8. Ever increasing circles
We learn about some of the quirks and curiosities in the way that our genes are 'read', from nature's 'red pen', peppering our genetic messages with corrections and edits to cells full of mysterious circles.

9. We're all going to the zoo
We take a trip to the 'RNA zoo' a menagerie full of strange creatures that have recently been found to exert a powerful influence on gene activity. Some of these are now being used to 'hack' the genome, switching genes on and off at will to reveal new insights and even potential future treatments for human disease.

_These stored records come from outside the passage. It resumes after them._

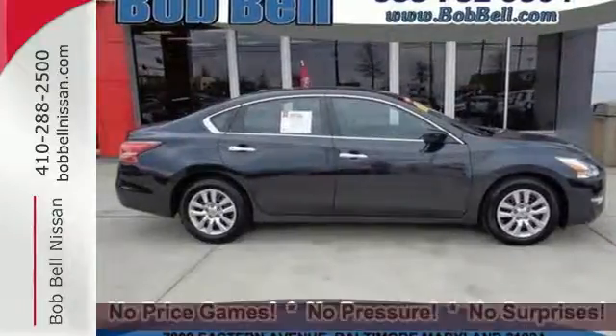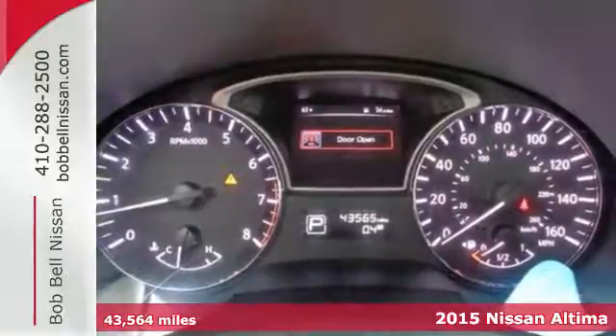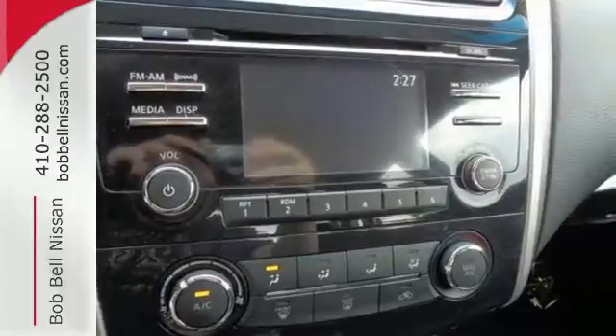It's a 2015 Nissan Altima. How would you like fluid, powerful acceleration, refined handling, and incredibly efficient fuel economy in a stylish sedan?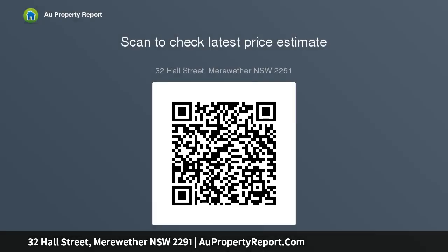Delayed settlement on request — up to 12 weeks — with pest and building reports available. Auction on site Saturday the 14th of September 2019 at 12 noon.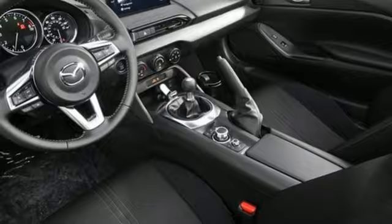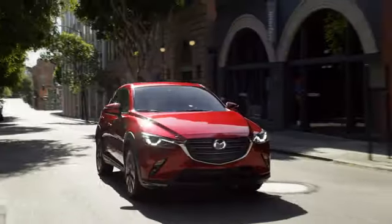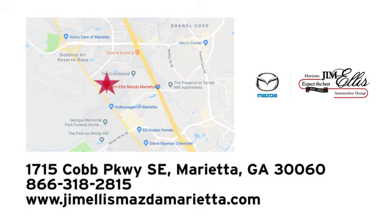The time is now. See it for yourself today. At Jim Ellis Mazda Marietta, we prove every day that buying a car can be an enjoyable experience. We're conveniently located near Dobbins Air Force Base on Cobb Parkway.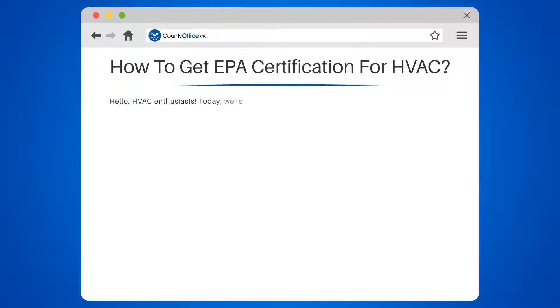How to get EPA certification for HVAC. Hello, HVAC enthusiasts. Today we're diving into the world of EPA certifications.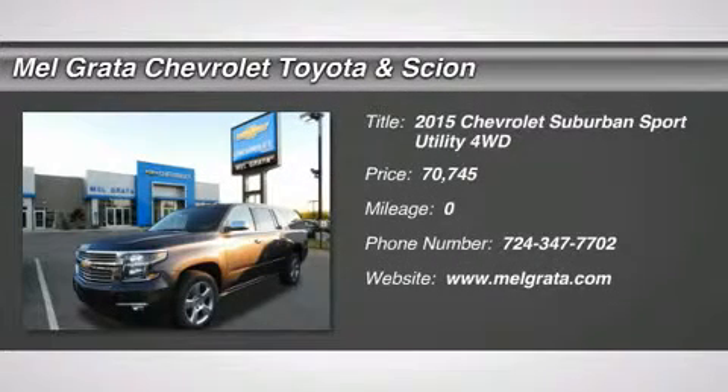How you use your Suburban changes from day to day and even trip to trip. The Suburban makes it easy to make room for passengers or for cargo with the all-new available power-fold second row and power-fold third row seats.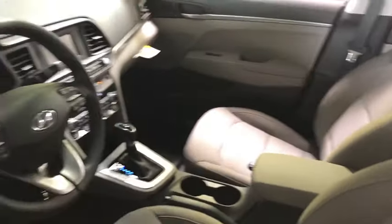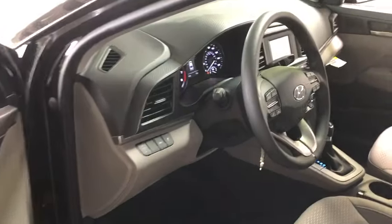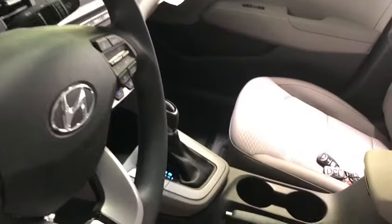Carpeted floor mats. If affordable style and reliability are what you're looking for, this vehicle couldn't be more perfect. Drive it today!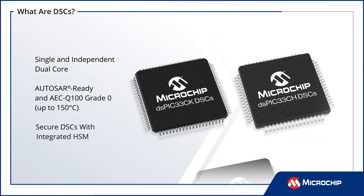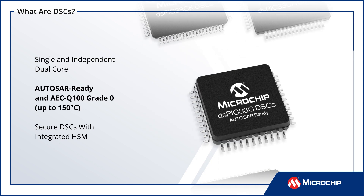Microchip offers a wide range of DSCs to address different application needs. The DSPIC 33 family includes cost-effective single-core DSCs, dual-independent-core DSCs ideal for applications requiring functional safety and security, and AutoSAR-ready and AEC-Q100 grade 0 qualified DSCs for automotive applications.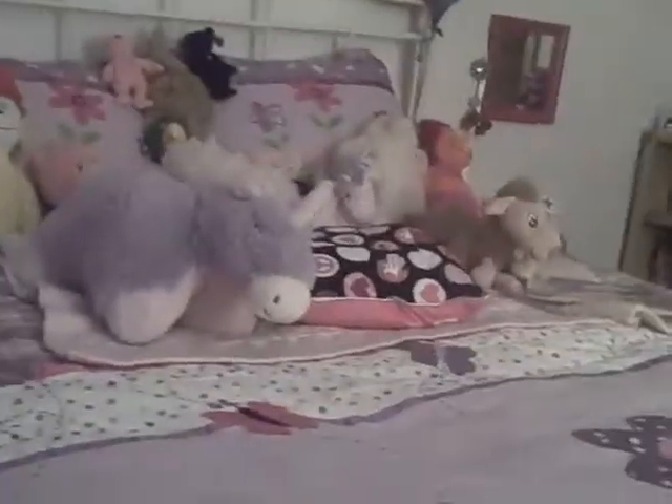Hey guys, it looks pretty dark down here because I'm just walking up the stairs. I need to do a brand new room tour because I got new covers on my bed and new pillows, so I'm making a brand new room tour. So here's my bed again, and you can't really see it because I have stuffed animals.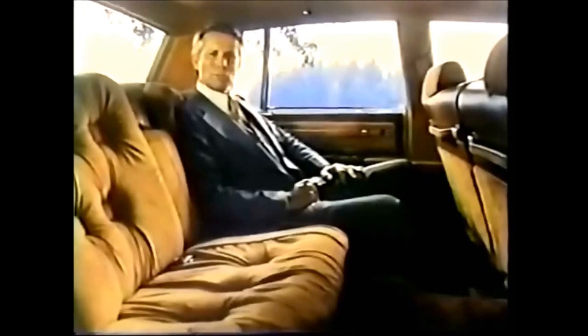The Sedan DeVille, for example. First, you engineer it to make more efficient use of space, give it more rear legroom and headroom, and a Cadillac-sized trunk. You make it more maneuverable for easier parking, give it a superb ride. In short, you build the next generation of the luxury car.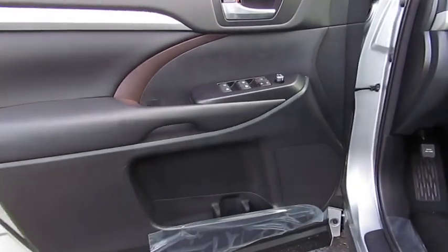A 2010 top safety pick, the Highlander is where substance meets style. Here are some of this vehicle's great options.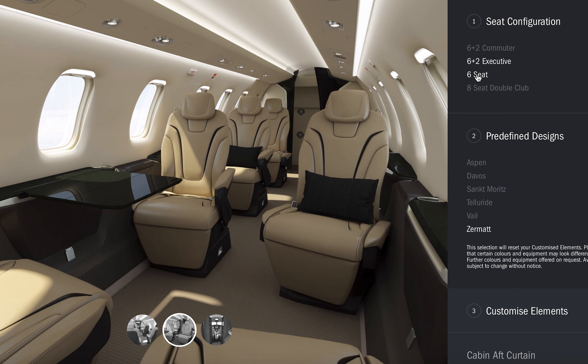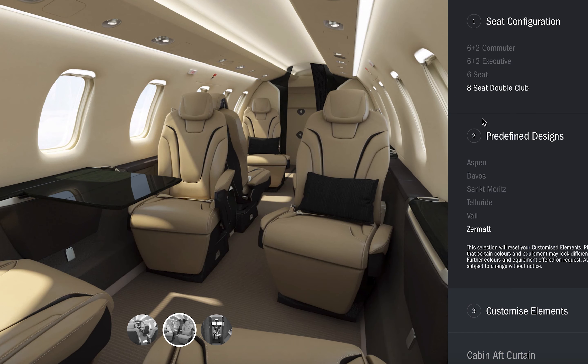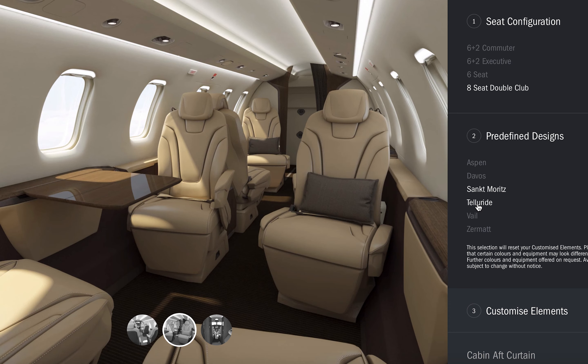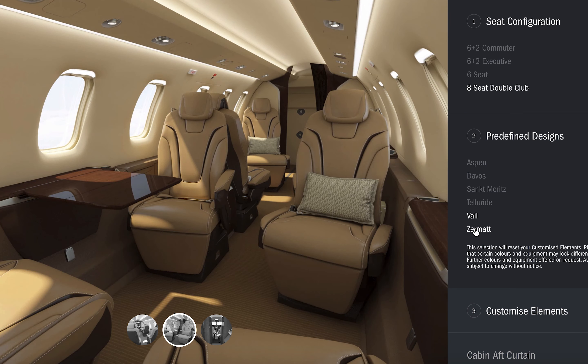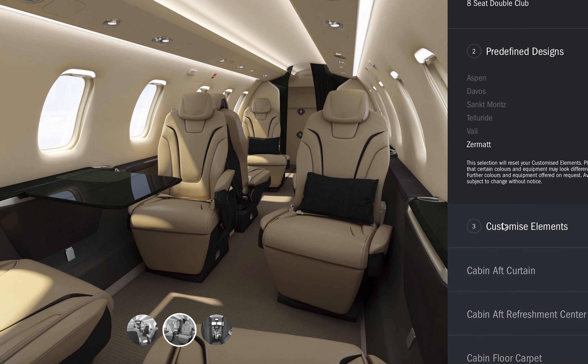Pilatus collaborated with BMW DesignWorks to create six stylish interiors for the PC-24, with each style named after well-known ski resorts. Now available on the Pilatus website, you can enjoy the new customizable feature and design your dream PC-24 interior. You can choose between different configurations, color schemes, and detailed customized colors and materials for every aspect of the cabin.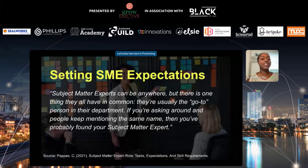Subject matter experts can be anywhere, but they all have one thing in common — they're usually the go-to person in their department. If you ask around and people keep mentioning the same name, you've probably found your SME. Sometimes we're lucky and SMEs are assigned prior to the project start. But there have been instances where I had to locate a SME based on an identified business need or goal. When searching, there are things you want to look for when selecting a subject matter expert.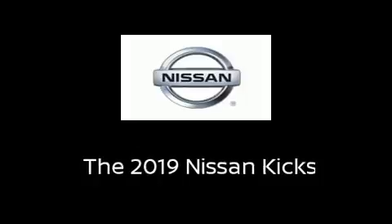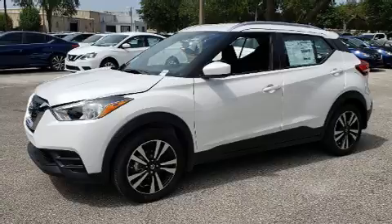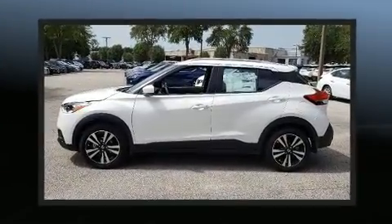Get excited about the 2019 Nissan Kicks. Smooth gear shifts are achieved thanks to the efficient four-cylinder engine, providing a spirited yet composed ride and drive.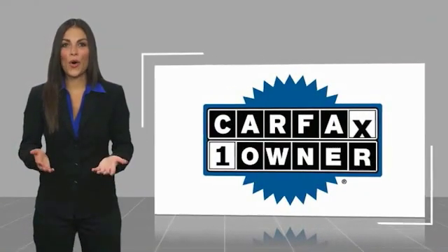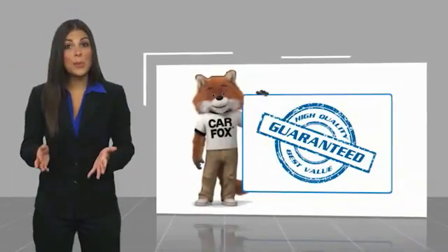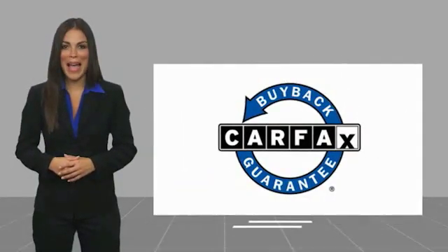This is a one-owner vehicle with the Carfax Vehicle History Report. Be sure to find a complimentary copy of this report online or contact the dealership. This vehicle qualifies for the Carfax Buyback Guarantee.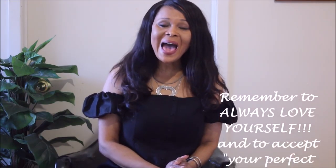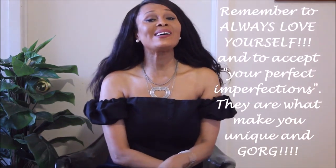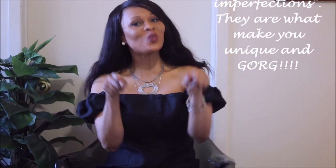Thank you guys so much for watching. As I always say, remember to love yourself and accept your perfect imperfections because they are what make you unique and gorgeous. Love you guys — see you in the next one!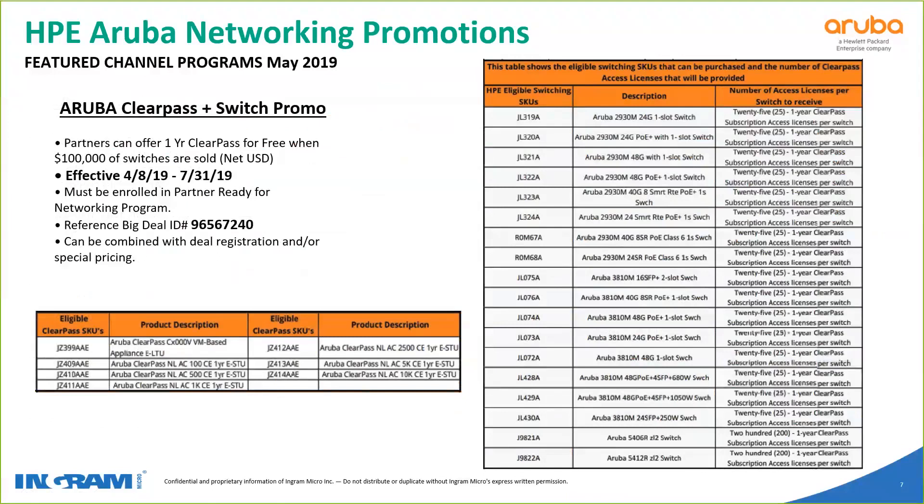If you buy $100,000 worth of switches, you're eligible for one year free of ClearPass. The opportunity to monitor using ClearPass is an excellent one — it's an excellent feature of Aruba and a great selling point of this line. We encourage you to take advantage of that for larger switch opportunities.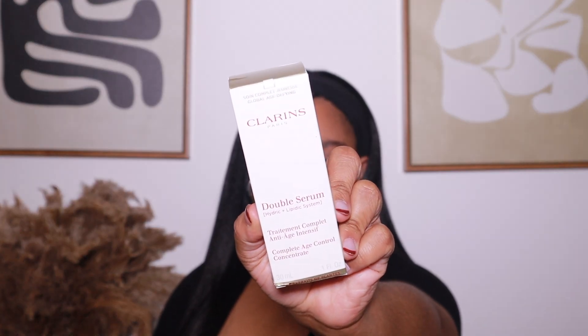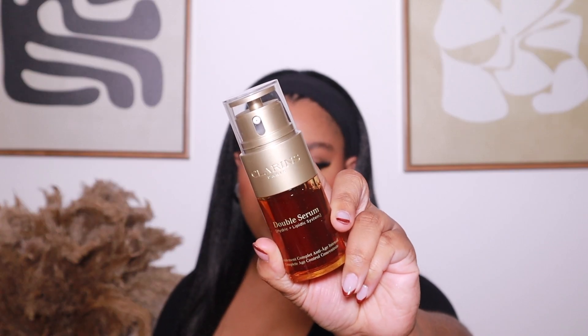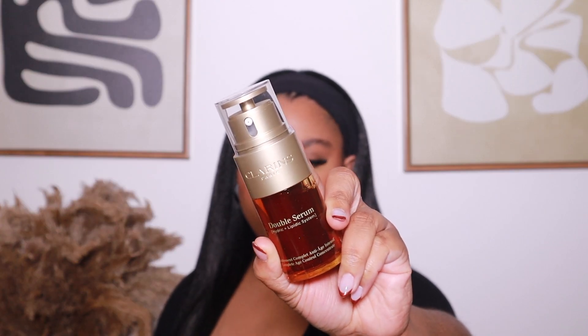This is the Clarins Double Serum — this stuff is amazing. Let me show you guys the packaging. I usually get two at a time, but this time I just got one. I also have the eye cream from Clarins — I love both. But this is my holy grail. With the eye cream, I don't feel like I need to repurchase it as urgently, but this is something I never want to be without. So I had to re-up on this.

10. They **** you up, your mum and dad
One of the most fascinating phenomena in genetics is imprinting the fact that certain genes can 'remember' whether they came to you from mum or dad. This chapter looks at how these memories are imprinted in our genome, and how they are wiped from one generation to the next. We also meet some curious mice with Mickey mouse gloves which shouldn't exist, and discover how they share an unexpected link with one of Charles Darwin's supposedly wrong ideas.

11. Night of the Living Dead
Our genome is packed with the remnants of long-dead genes, along with plenty of ancient defunct viruses. But, just like in the movies, these zombie genes can rise again to wreak havoc or, less dramatically, be put to good use by cells.

12. In search of the 21st century gene
Bringing everything together to sum up what we do and don't know about what genes are and how they work. We pose some unanswered questions and controversies, as well as exciting directions for future research and applications in medicine and other fields.